EXERCISE INPUTS:
/---

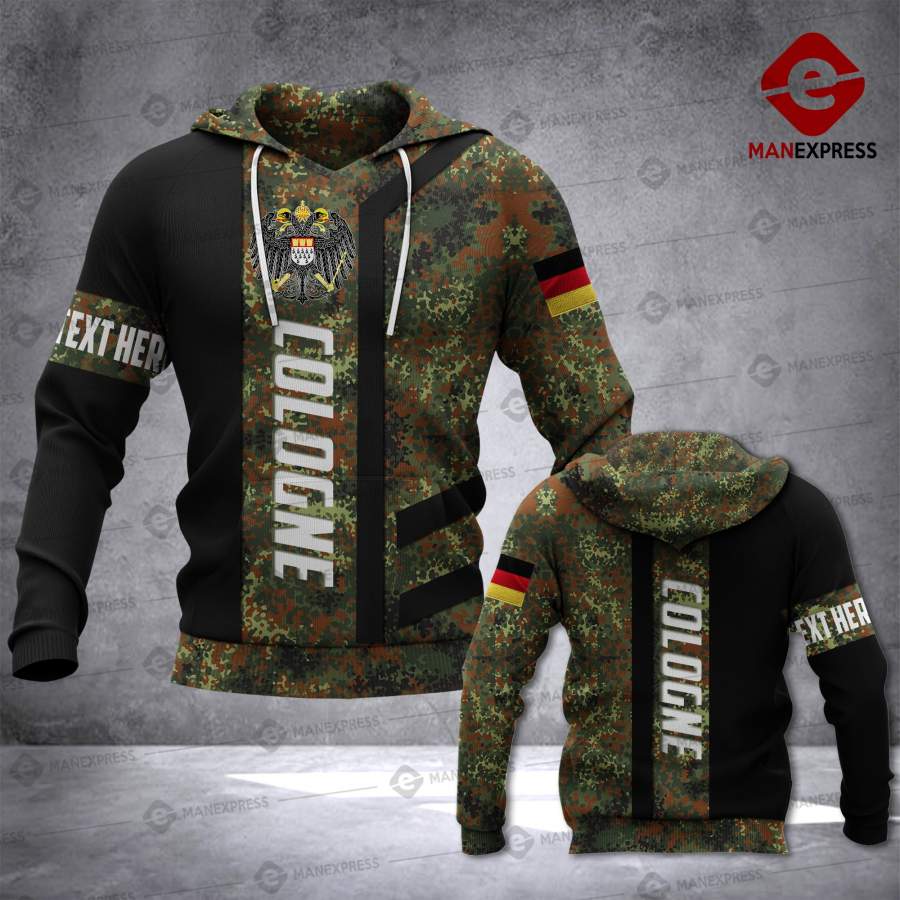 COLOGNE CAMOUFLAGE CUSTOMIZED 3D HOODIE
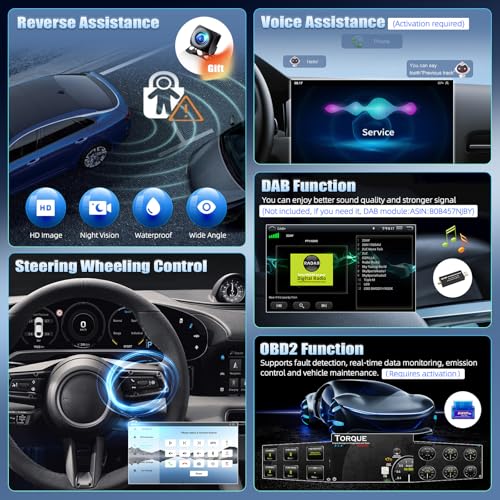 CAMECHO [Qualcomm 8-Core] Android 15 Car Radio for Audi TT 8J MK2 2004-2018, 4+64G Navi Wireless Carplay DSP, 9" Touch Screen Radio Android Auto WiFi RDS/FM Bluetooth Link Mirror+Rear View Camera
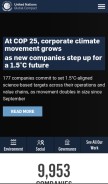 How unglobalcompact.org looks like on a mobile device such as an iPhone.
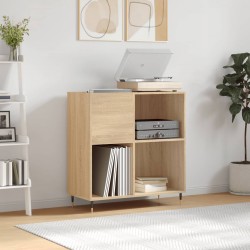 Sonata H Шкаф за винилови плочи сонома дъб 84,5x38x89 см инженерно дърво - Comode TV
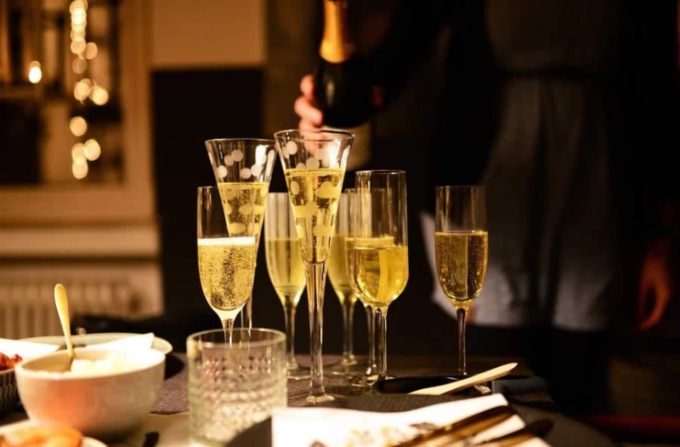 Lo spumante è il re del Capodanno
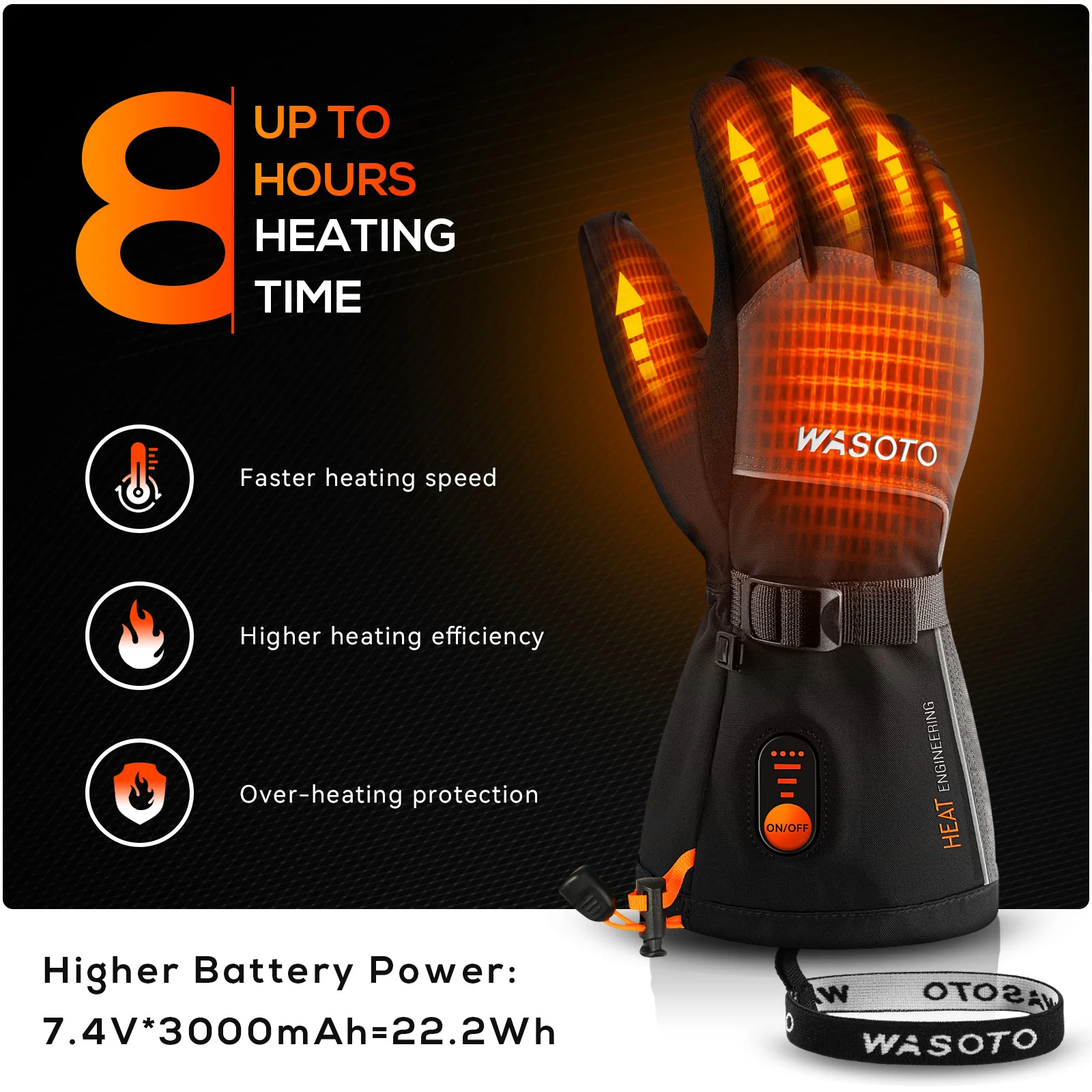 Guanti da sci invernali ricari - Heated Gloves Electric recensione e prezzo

\---
/---

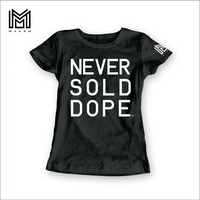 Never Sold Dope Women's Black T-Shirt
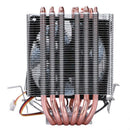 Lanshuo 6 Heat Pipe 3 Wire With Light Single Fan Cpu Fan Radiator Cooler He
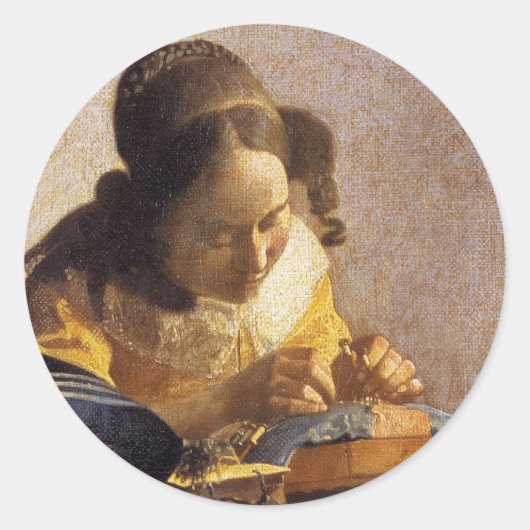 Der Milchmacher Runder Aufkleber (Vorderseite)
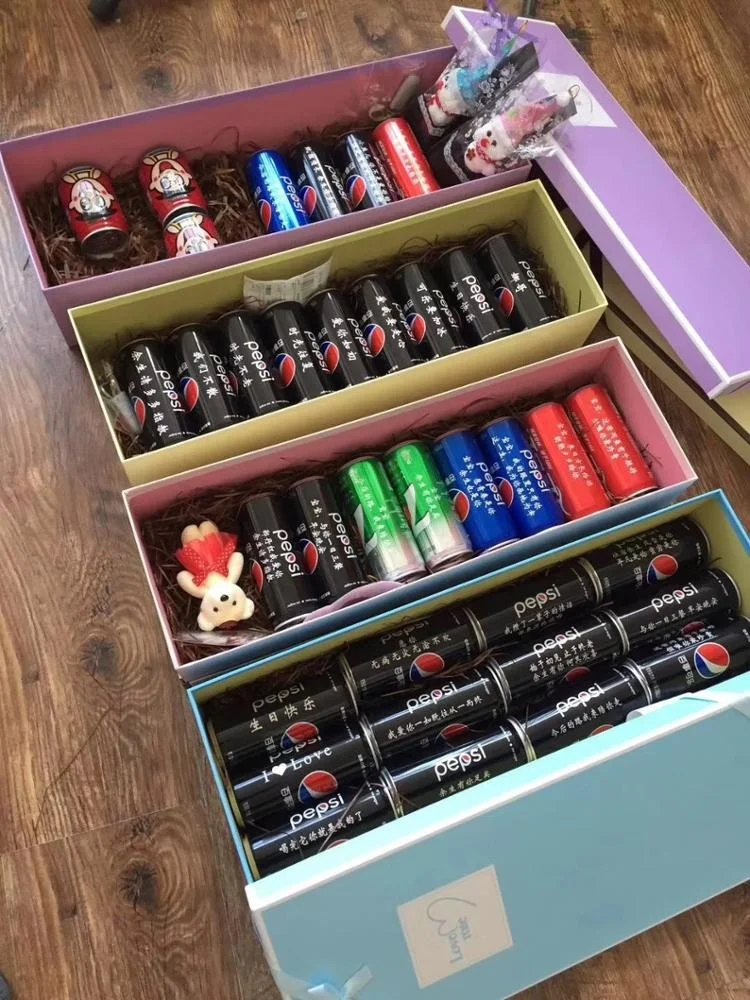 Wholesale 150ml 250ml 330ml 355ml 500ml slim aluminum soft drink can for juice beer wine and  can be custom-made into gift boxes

\---
/---

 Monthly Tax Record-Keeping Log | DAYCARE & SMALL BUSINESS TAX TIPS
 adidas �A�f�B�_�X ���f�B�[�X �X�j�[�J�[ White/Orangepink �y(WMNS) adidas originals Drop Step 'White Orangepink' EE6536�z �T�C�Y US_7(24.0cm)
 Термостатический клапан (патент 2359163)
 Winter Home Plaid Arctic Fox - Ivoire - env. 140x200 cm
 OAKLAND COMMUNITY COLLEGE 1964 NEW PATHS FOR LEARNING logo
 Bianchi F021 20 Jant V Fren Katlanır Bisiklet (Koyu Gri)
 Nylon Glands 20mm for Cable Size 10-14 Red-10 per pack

\---

INSTRUCTIONS TO FOLLOW:
Leave the pictures out, and transcribe exactly the lines above starting at the one that contains "Lanshuo 6 Heat" and ending at the one that contains "Wholesale 150ml 250ml".

ANSWER BOX:
 Lanshuo 6 Heat Pipe 3 Wire With Light Single Fan Cpu Fan Radiator Cooler He
 Der Milchmacher Runder Aufkleber (Vorderseite)
 Wholesale 150ml 250ml 330ml 355ml 500ml slim aluminum soft drink can for juice beer wine and  can be custom-made into gift boxes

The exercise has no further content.